═════ Information provided ═════

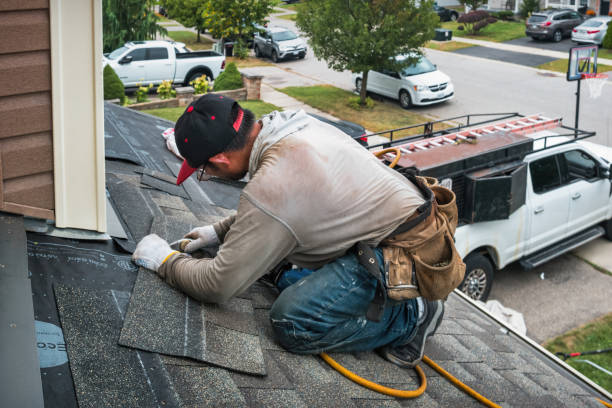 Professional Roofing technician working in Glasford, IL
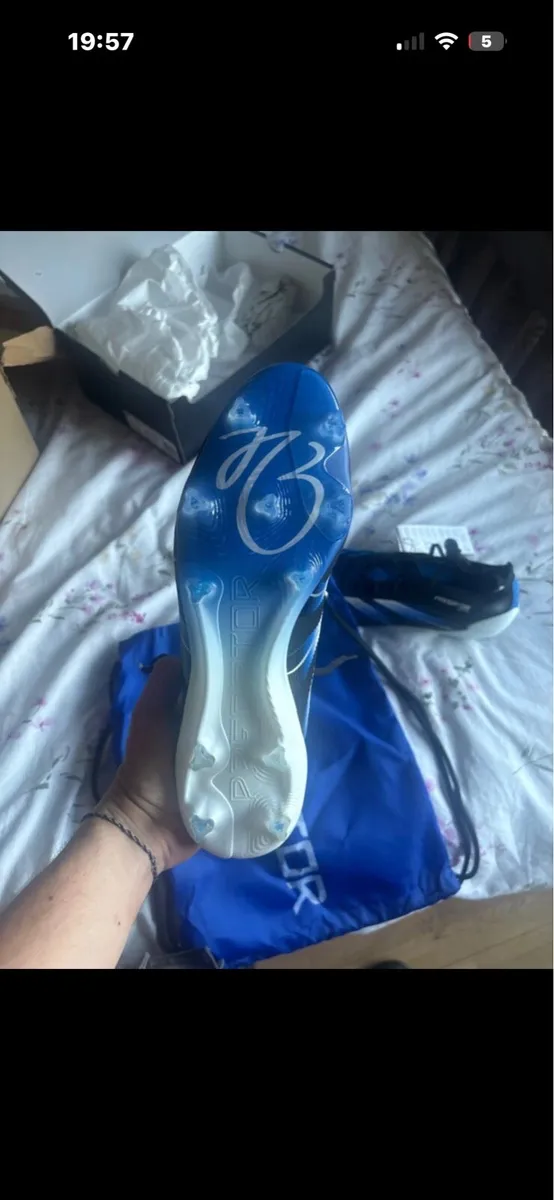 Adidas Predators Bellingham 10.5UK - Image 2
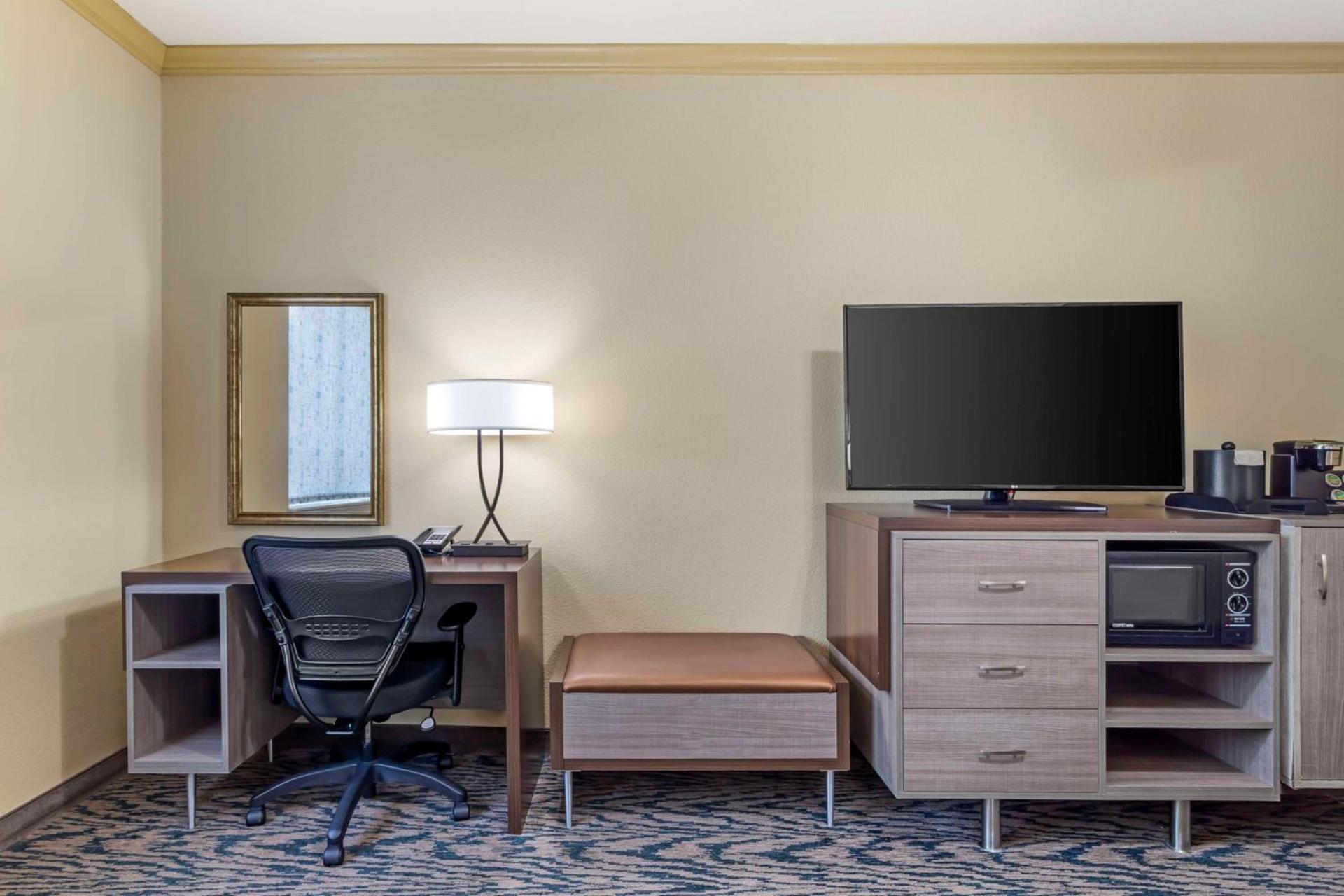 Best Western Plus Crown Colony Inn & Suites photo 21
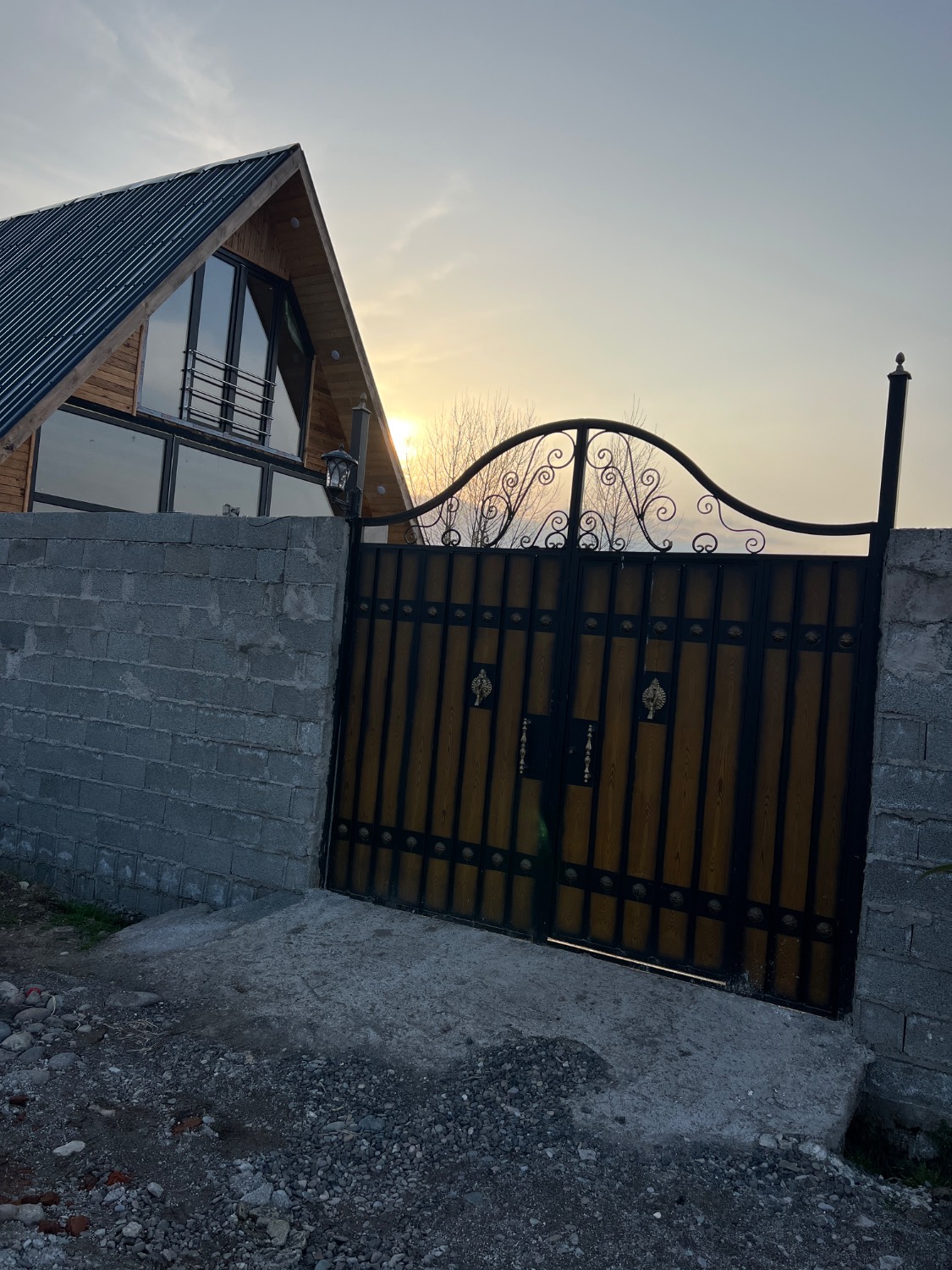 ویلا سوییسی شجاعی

═════

▶ _Instructions to follow_
Give back the full data exactly as it reads, but drop the pictures.

▶ _Response below_
 Professional Roofing technician working in Glasford, IL
 Adidas Predators Bellingham 10.5UK - Image 2
 Best Western Plus Crown Colony Inn & Suites photo 21
 ویلا سوییسی شجاعی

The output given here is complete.